It sounds complex, but you soon get used to it. I suggest just uploading the image as an attachment to start with.

Re just powering up the charger, I'm pretty sure it wants to see CAN messages before any charging happens. Others will have the details on that, hopefully. For some reason, the manufacturers don't make their products DIY friendly!


----------



## miscrms (Sep 25, 2013)

zepol_wube said:


> Rob, the link to me to a generic Nissan parts search page, did you have your link to a more direct table? If not, what did you search on to get to the table you speak of?


Its a confusing page, sorry. Try scrolling down and looking at the bottom right frame. It should have a list of 2013 S trim compatible chargers as you scroll to the right in that frame.
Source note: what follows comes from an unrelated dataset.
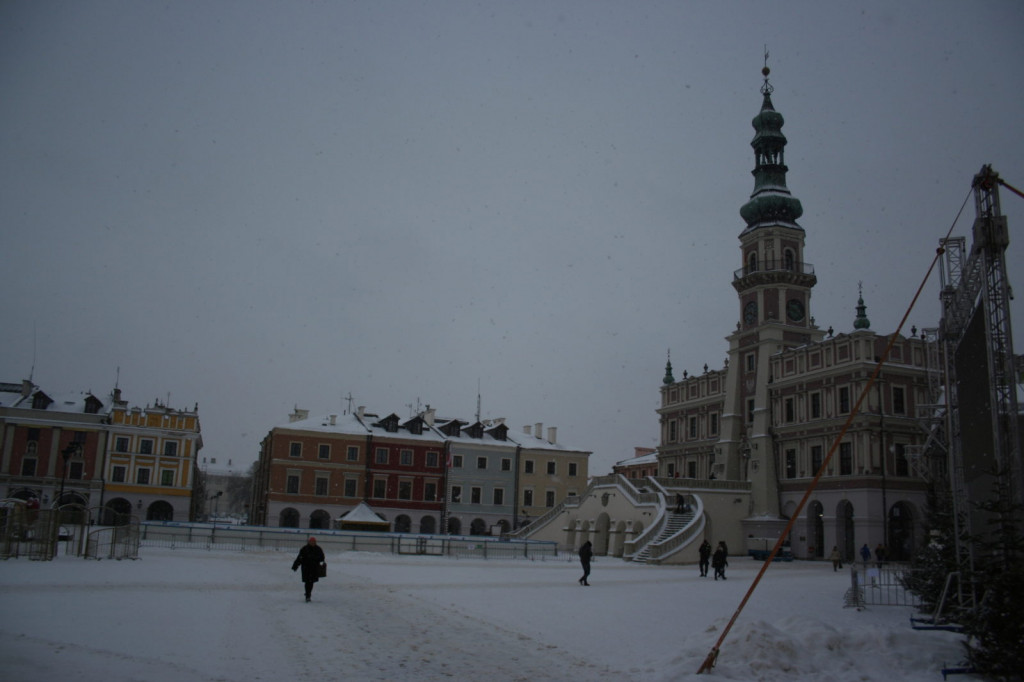 Zamość w zimowej odsłonie... [FOTO]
If that's not working try searching "Power Delivery Module". That's their name for the new combined charger and dcjb on the 2013+. In addition to the 4 different versions 3kW / 6kW and QC / no QC there are multiple revisions of each by year and within each model year, so it gets pretty confusing. If you have a specific part number you should be able to just search that too.


----------



## miscrms (Sep 25, 2013)

The Leaf OBC is controlled by the VCM via CAN. It's basically a dumb charger, as I recall it reports connection status on the charge port to the VCM, which then tells it what power level to charge at based on the BMS data. In a way that could be good for re-use, as there is no hardcoded charge profile in there. But it does mean you need an external controller. There may also be some sequencing you have to figure out in terms of closing charge relays at the right time, etc to keep it from throwing a fault.
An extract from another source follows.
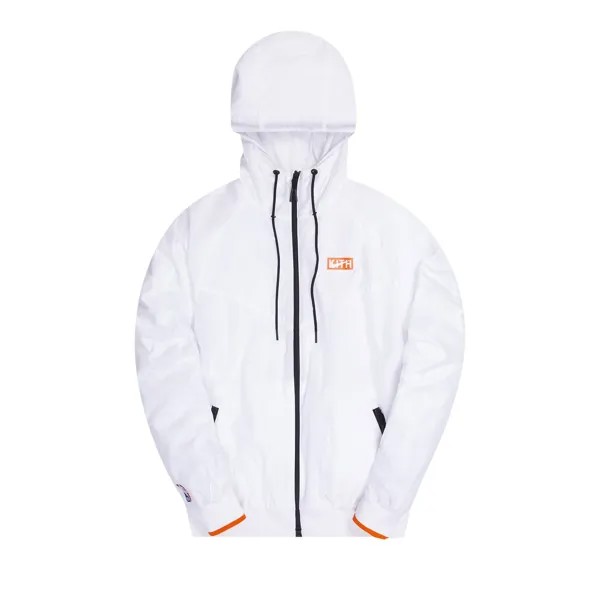 Kith And Nike для New York Knicks Windrunner Куртка Белая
I don't know specifically of anyone that's demonstrated one outside a Leaf, but there is a decent amount of info on the system in the Leaf factory service manual (can be found for free download from one of the Nissan Club sites) and folks over at MyNissanLeaf.com have figured out at least some of the likely CAN messages. Some of the CAN messages are different though, and I'm not sure the 2013+ has been documented as well.

If anyone knows of one that's been used with external control I'd love to know about it. Eventually I'd like to experiment with adding a second 3kW to my 2012 system, or upgrading to a 2013+ 6kW. I actually have a 2013 6kW one from a junkyard, but its pretty beat up. 

Rob


----------



## rgjones (Nov 22, 2016)

Pinging this thread.
Looking for any 6KW+ single charger to upgrade a custom EV ('85 Doka)
Currently using dual Currentways but there are issues and no support and spares hard to find. Also prefer a single charge rather than multiple.

Happy to help with controller SW - familiar with CANbus control SW development.

I've looked at Tesla Gen2 with Damien's controller and might go that route. But also interested in other common scrap yard 6KW+ OBCs such as Leaf, Bolt, I3, 2019 Volt etc.

PS to moderators, suggestion: please split out a thread specifically for charger discussions from this busy battery+charger thread.


----------